This is the fourth department naming gift for
the school since it began its $300-million fund-raising initiative
in 2001.
USC President Steven B. Sample hailed the gift
by Astani, who earned a master’s degree in industrial and
systems engineering from USC in 1978, two years after arriving
in the United States from his native Iran.
“Sonny Astani is a remarkable Trojan who
is transforming Los Angeles,” Sample said. “He understands
the crucial role civil and environmental engineers must play as
more and more people live in cities. We are deeply grateful at
USC not only for his exceptional gift but for his majestic vision
of urban life.”
Yannis C. Yortsos, dean of the USC Viterbi School,
expressed his gratitude for the gift and said the department would
be known as the Sonny Astani Department of Civil and Environmental
Engineering.
“Thirty years ago, by mere good fortune,
I ended up in the best university, in the best city, in the best
country in the world,” Astani said. “This is a gift
to both USC and Los Angeles.

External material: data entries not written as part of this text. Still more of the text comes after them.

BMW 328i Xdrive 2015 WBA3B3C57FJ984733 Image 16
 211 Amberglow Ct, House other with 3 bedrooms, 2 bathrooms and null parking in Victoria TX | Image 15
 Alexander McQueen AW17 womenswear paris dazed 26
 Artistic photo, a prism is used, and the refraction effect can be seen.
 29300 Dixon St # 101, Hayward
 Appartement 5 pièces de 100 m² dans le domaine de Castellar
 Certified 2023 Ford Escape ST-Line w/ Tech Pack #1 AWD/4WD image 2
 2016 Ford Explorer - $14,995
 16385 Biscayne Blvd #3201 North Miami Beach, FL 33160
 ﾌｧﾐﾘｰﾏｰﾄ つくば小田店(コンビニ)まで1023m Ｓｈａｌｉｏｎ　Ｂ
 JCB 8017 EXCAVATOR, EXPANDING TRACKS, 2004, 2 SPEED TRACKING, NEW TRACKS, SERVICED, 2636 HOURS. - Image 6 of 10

It is my hope that it will allow a
new generation of civil and environmental engineers to rise to
the increasingly complex challenges created by the urbanization
of Los Angeles and the changes to the global environment we are
now facing.”
Yortsos noted that civil engineering, the oldest
engineering discipline, remains the branch of engineering that
is closest to the lives of people, particularly in cities.
“Civil engineers provide homes, water,
sanitation, bridges, tunnels, roads and civil infrastructure and
environmental engineering expertise is critical to solving problems
of pollution and micro-climate,” he said.
“By 2030 almost five billion people, or
60 percent of the entire world, will live in cities. This raises
huge challenges for civil and environmental engineers, challenges
now known in the profession as those of ‘megacities,’ he
explained. “Internationally we see an emerging vision for
civil and environmental engineering as a major force for improvement
and enhancement of cities, not only for Los Angeles, but for major
urban centers around the world.”
And, Yortsos continued, “Astani shares
our belief that civil engineering is vital to achieve a critical
need for the 21st century: cities designed to be highly functional,
healthful and inspiring; environments that celebrate humanity.”
Astani is the chairman of Astani Enterprises,
a Beverly Hills-based development concern. His firm owns or operates
approximately 4,000 apartment units throughout Southern California
and is currently developing approximately 2,000 units of condominiums
and lofts in downtown Los Angeles with a total value in excess
of $1 billion.
Among the developments are five iconic residential
towers and two loft buildings.
Last year, Astani Enterprises made a $1.5 million
donation to the Skid Row Housing Trust, completing funding for
the Abbey Apartments, a downtown complex that will house 115 of
Los Angeles’ mentally ill homeless when it opens next year.
Astani, an Iranian immigrant who received a Distinguished
Alumnus Award from the USC Viterbi School, serves on the executive
committee of the Central City Association, the board of councilors
of the USC Viterbi School of Engineering and on the Leadership
Council for USC’s Lusk Center for Real Estate Development.
He is also a board member of the Pacific Council for International
Affairs.
The Astani donation is the seventh multimillion-dollar
donation from a USC engineering alumnus in the last six years,
following earlier gifts by Andrew J. Viterbi (naming the school);
Daniel J. Epstein, Ming Hsieh and John Mork (naming the departments
of industrial and systems engineering, electrical engineering,
and chemical engineering and materials science); Mark Stevens (creating
the USC Stevens Institute) and Kenneth Klein (creating the USC
Viterbi Center for Undergraduate Engineering Life).